Belly – Feed The Tree
from Star

Throwing Muses were one of the darlings of the burgeoning modern rock scene of the late ’80s. Personally, I didn’t pay much attention to them.

By the time MTV was making alternative rock mainstream in the early ’90s, Tonya Donnelly, who had been a member of Throwing Muses with half-sister Kristin Hersh, formed Belly. Like Throwing Muses, I mostly ignored Belly, but Feed The Tree was inescapable in 1993 and with good reason.

John Cafferty & The Beaver Brown – On The Dark Side
from Eddie And The Cruisers

The flick Eddie And The Cruisers, about a fictitious band, flopped when it was released to theaters in 1983 (I don’t recall it playing in our small, Indiana town). Then, it became a hit a year later via repeated showings on cable (which hadn’t made it to our world, yet).

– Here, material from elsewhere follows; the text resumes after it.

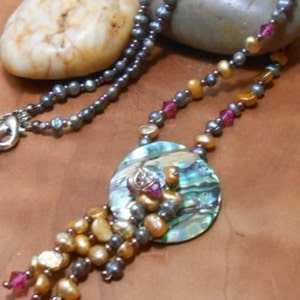 Aurora Abalone Black & Gold Pearl Necklace-Handmade Beach Jewelry image 2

However, On The Dark Side was on the radio given momentum by the movie’s cable revival and the fact that, with Born In The USA a commercial juggernaut, the song (and the band’s image) bore more than a passing resemblance to Bruce Springsteen & The E Street Band.

Talking Heads – I Zimbra
from Fear Of Music

Talking Heads, who had formed while the members were in school in Rhode Island, had come to the attention of more conservative music fans in 1983 with the album Speaking In Tongues and the smash Burning Down The House. And their follow-up, the surprisingly playful Little Creatures, was ridiculously popular with my high school classmates.

The Heads (pictured above) were not a new discovery for me, though, as my friend Chris was a huge fan of the band. It was through him that I gained an appreciation for them and, especially, the album Fear Of Music and its tribal, rhythmic textures.